By Sam McNair, CMRP, of Life Cycle Engineering
As appeared in Plant Engineering

Fatigue failures can be particularly hazardous because they often occur with no visible warning signs and the failure is often sudden and total. While most maintenance technicians understand how to torque fasteners properly, very few understand the reason why it is so critical to torque properly in applications subject to fatigue. Even fewer understand how a fatigue failure really occurs – especially in what they think is a static joint.
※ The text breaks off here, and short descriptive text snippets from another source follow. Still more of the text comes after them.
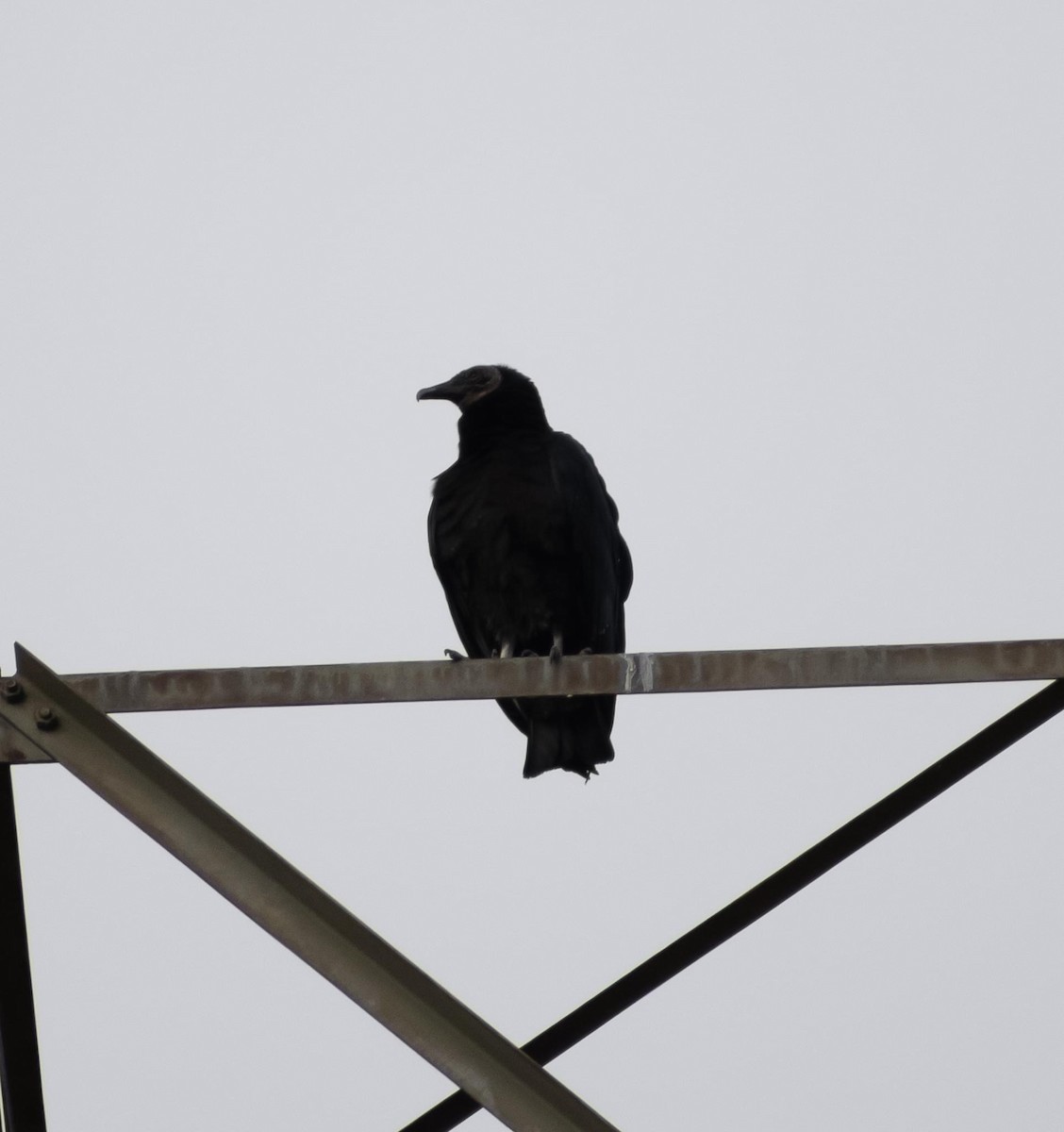 Black Vulture - ML614282146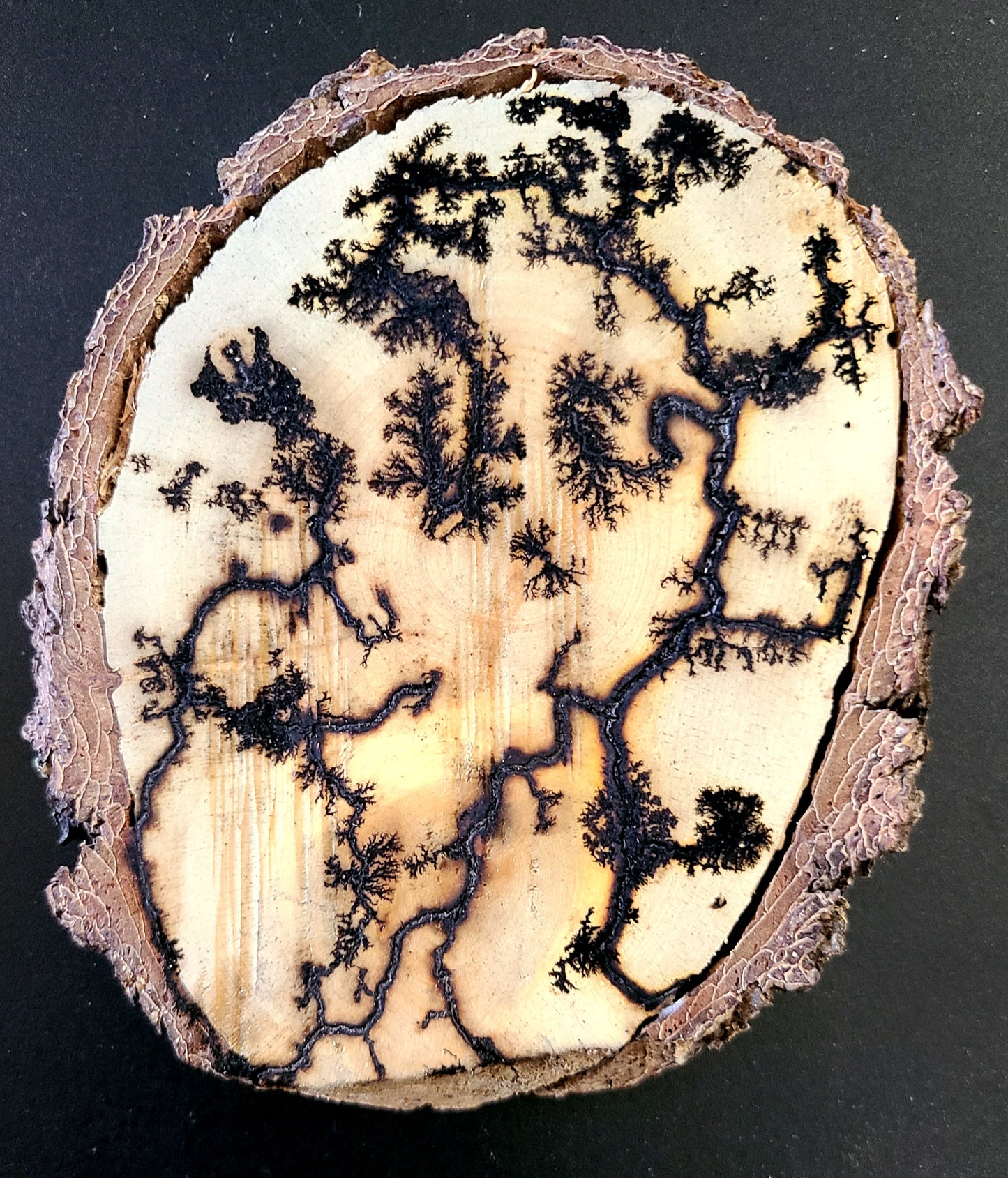 Lichtenberg Wood Burn Art – Handcrafted Fractal Burned Wood Decor – One of a Kind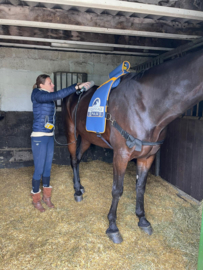 EQUISSAGE THERAPIE MET RUGPAD & HANDAPPARAAT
We often unknowingly avoid fatigue failures in gasketed joints simply because the required crush for the gasket often dictates a torque or bolt tension that minimizes the risk of a fatigue failure.  But, at a later time, changing to a new gasket type requiring less crush may set the stage for bolt fatigue failure. Maintenance technicians who don’t understand the basic how and why of fatigue can unknowingly set up the conditions for serious failures.  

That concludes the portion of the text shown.